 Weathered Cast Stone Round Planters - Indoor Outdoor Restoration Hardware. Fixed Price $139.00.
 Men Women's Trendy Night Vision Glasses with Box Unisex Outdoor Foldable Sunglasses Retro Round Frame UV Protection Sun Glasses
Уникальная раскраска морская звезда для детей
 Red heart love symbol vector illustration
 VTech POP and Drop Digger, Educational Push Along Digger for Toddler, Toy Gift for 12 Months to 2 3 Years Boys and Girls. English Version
---
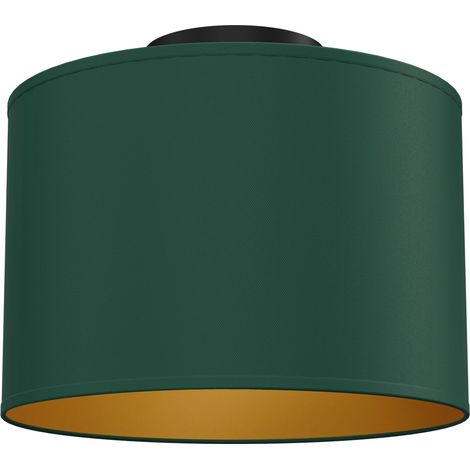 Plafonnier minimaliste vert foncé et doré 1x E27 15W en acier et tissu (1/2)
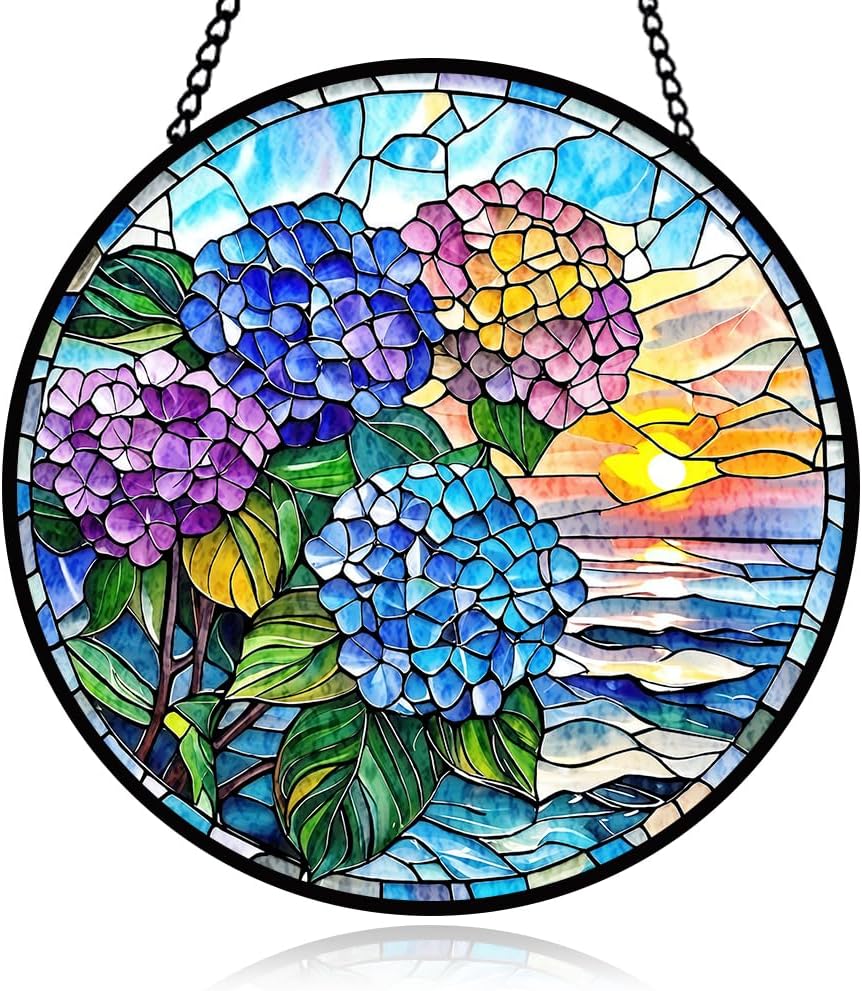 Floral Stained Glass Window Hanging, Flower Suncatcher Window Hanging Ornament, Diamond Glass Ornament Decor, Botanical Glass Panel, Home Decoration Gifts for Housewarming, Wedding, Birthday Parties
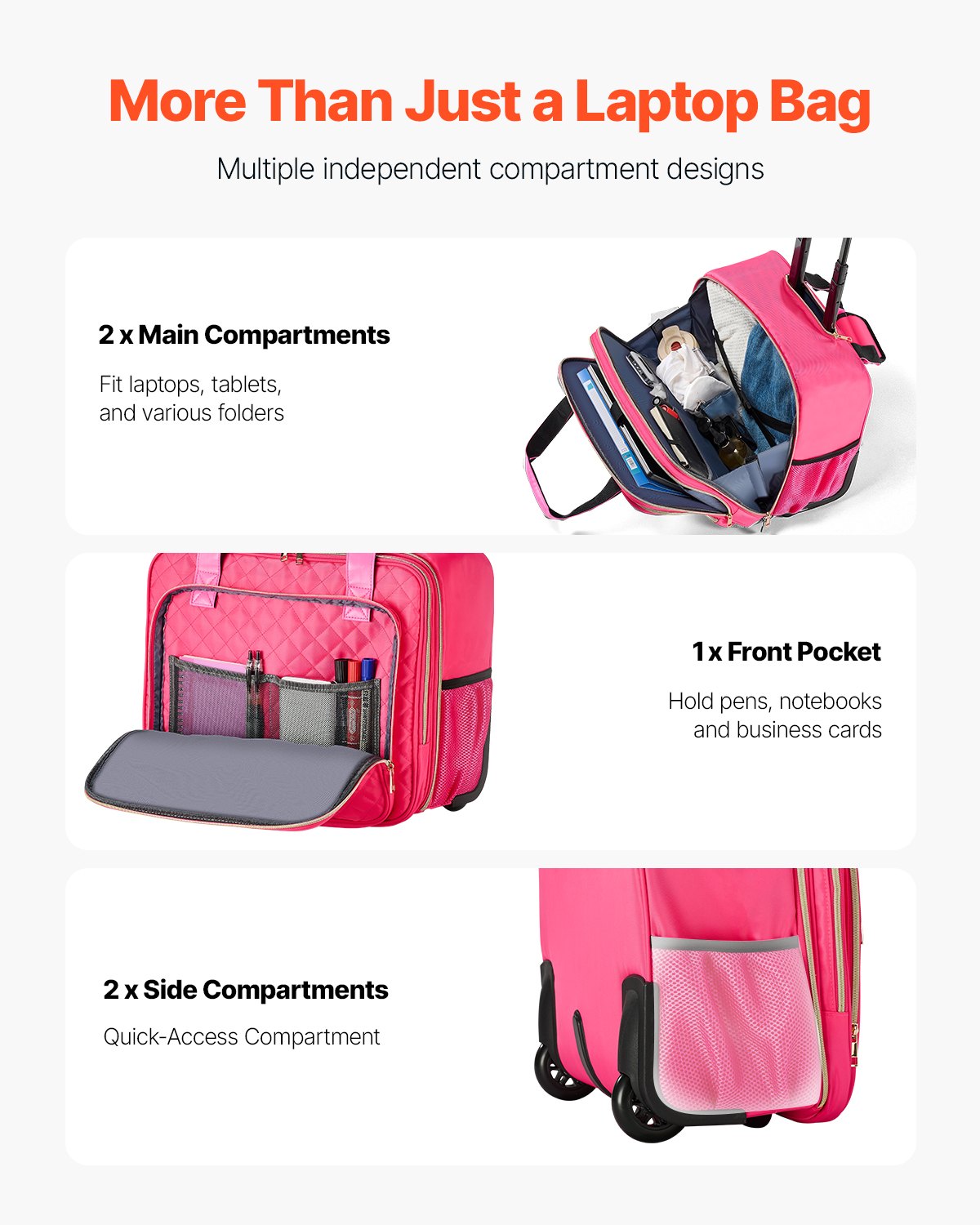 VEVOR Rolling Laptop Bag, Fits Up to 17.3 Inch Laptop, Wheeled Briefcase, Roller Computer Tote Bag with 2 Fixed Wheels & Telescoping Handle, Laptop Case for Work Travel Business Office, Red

| Exercise prompt |
Only a number should be returned: the count of lines above that include "Round".

| Answer below |
2